C’est le 12 mars 1736 que la vie de ce personnage commence à intéresser la Corse et depuis lors sa carrière se divise en trois parties. La première comprend les tentatives faites dans l’île même, pour s’assurer une royauté durable. La deuxième s’étend de 1737 à 1747 : elle est remplie par les intrigues auxquelles Théodore se prêta complaisamment dans l’espoir d’être rétabli sur son trône. Mais il y renonce malgré lui, à partir de 1747 et, prince déchu, il vit misérablement en Angleterre jusqu’à ce que la mort le délivre en 1756.
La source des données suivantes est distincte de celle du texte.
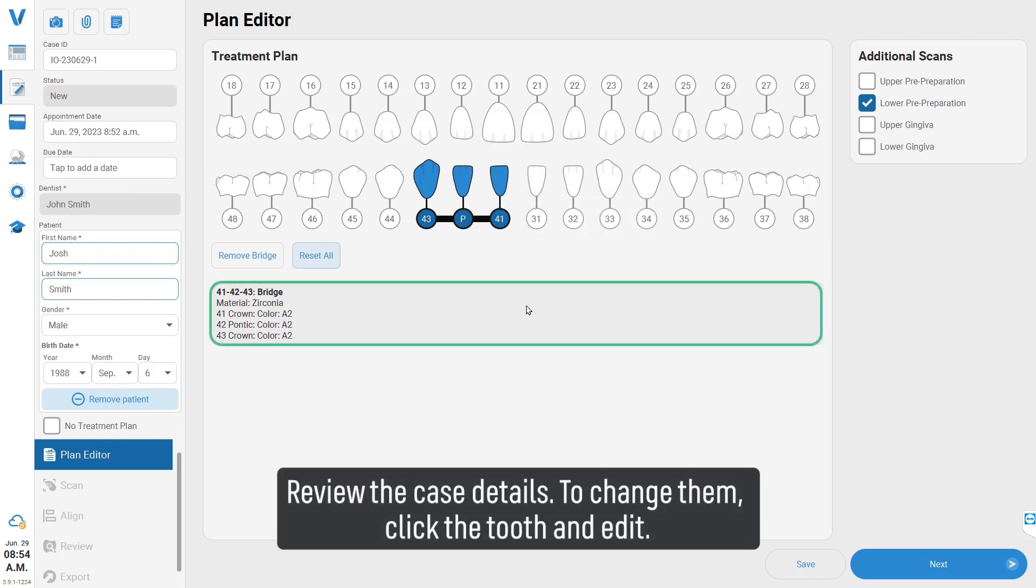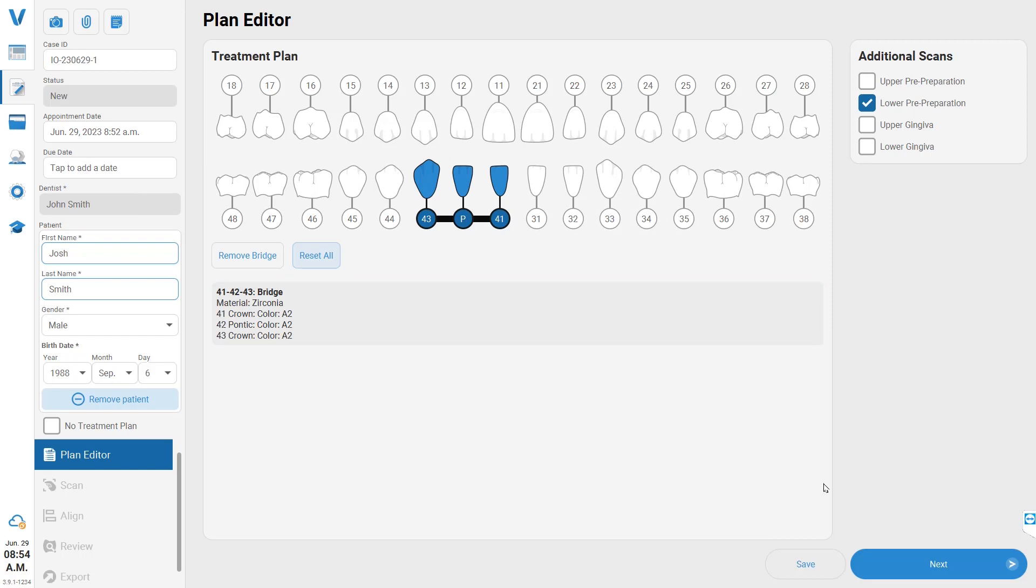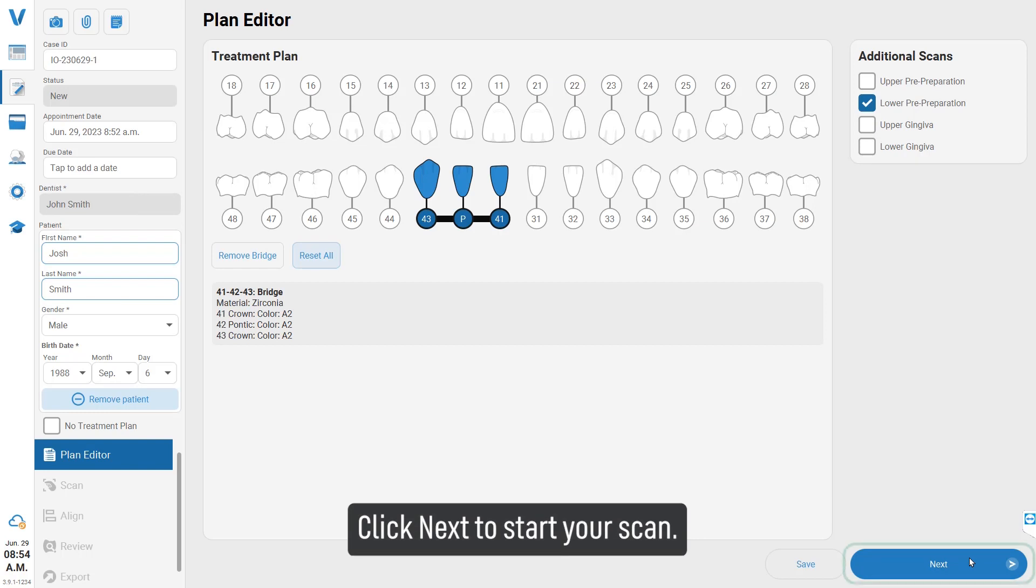To change details, click the tooth and edit. Click 'Next' to start your scan.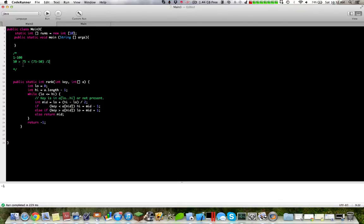That's the strategy. You try to go to the middle, and then if it's greater than, go to the middle of that section and continue on.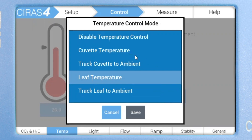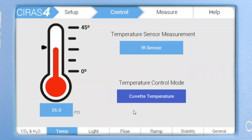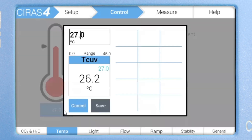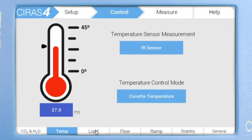Let's select cuvette temperature. Use the slider on the thermometer or manually enter a value, as with the other environmental controls. Let's set the cuvette temperature to 27 degrees Celsius.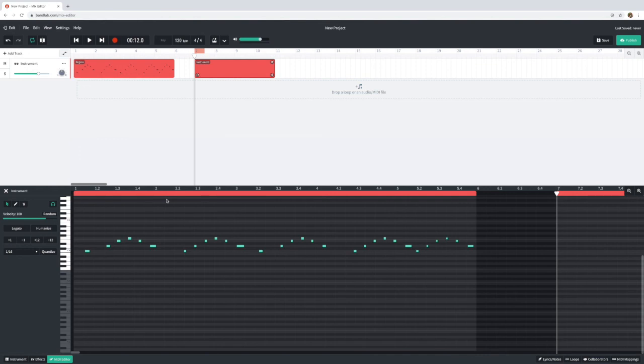So there's lots you can do with BandLab but let's start by just playing in or clicking in with our mouse some different melodic ostinato patterns.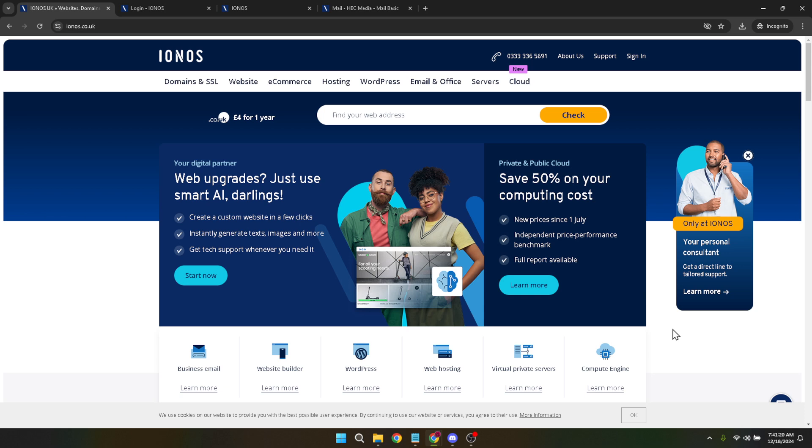To begin, you'll need to navigate to the IONOS website. Once there, you'll see a button labelled Sign-in, prominently displayed, likely at the top right corner of the page. Clicking on this will take you to the next crucial step.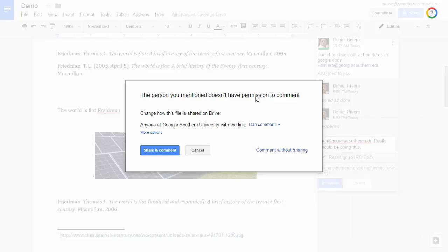Again, if they don't have access to that document, it will prompt you to share it with them. Okay, that's it. Thank you very much!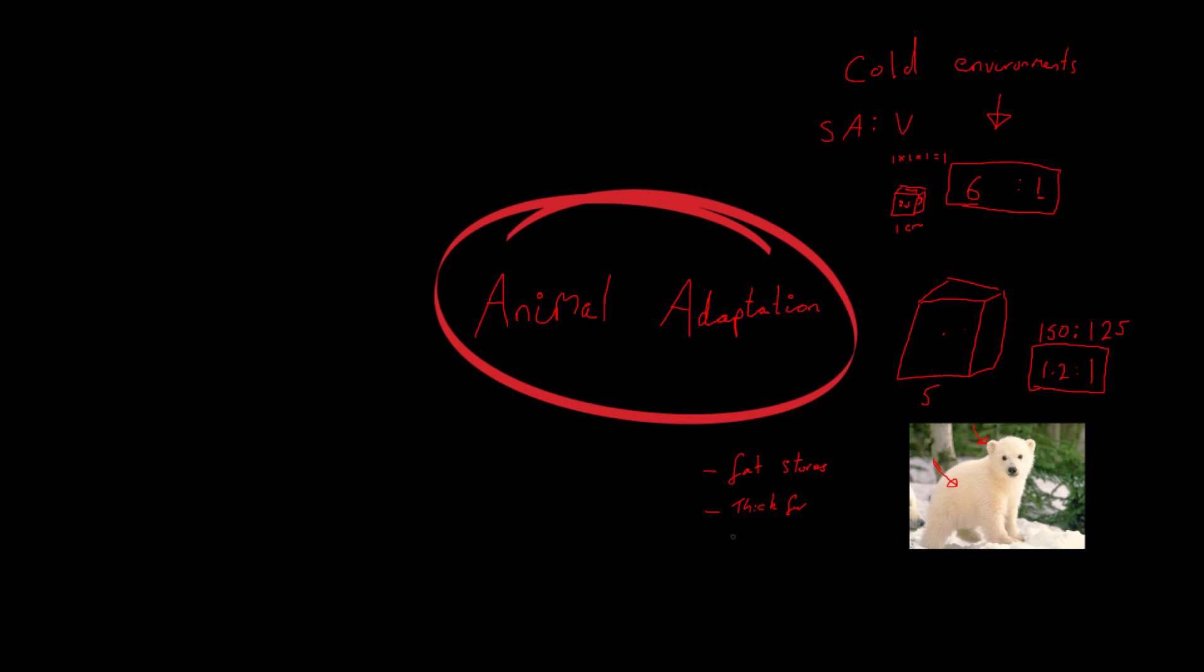And of course you know that the polar bear is living in an icy, snowy environment. Ice and snow are obviously white. And so the colour of the polar bear is really helping it to camouflage. And this stops it from either being hunted itself, whereas polar bears, it also stops other animals that they are going to hunt from seeing them. So being camouflaged helps you find food and stops you from being food.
C’est à la situation de la Corse en 1735 qu’il faut demander l’explication de l’enthousiasme qui accueillit l’aventurier, à son débarquement sur la plage d’Aleria. L’administration génoise avait été dans les siècles précédents si intolérable que depuis 1729 les habitants étaient révoltés contre leur maître et étaient prêts à se donner à un sauveur, quelqu’il fût. Une intervention de l’empereur germanique, en 1731, n’avait produit aucun résultat ; celle d’un simple gentilhomme allemand faillit être plus heureuse. Né en 1694, à Cologne, élevé d’abord en Westphalie, puis à la cour de Versailles, comme page de la duchesse d’Orléans, il « y fut vite initié à la vie et aux intrigues de la Cour »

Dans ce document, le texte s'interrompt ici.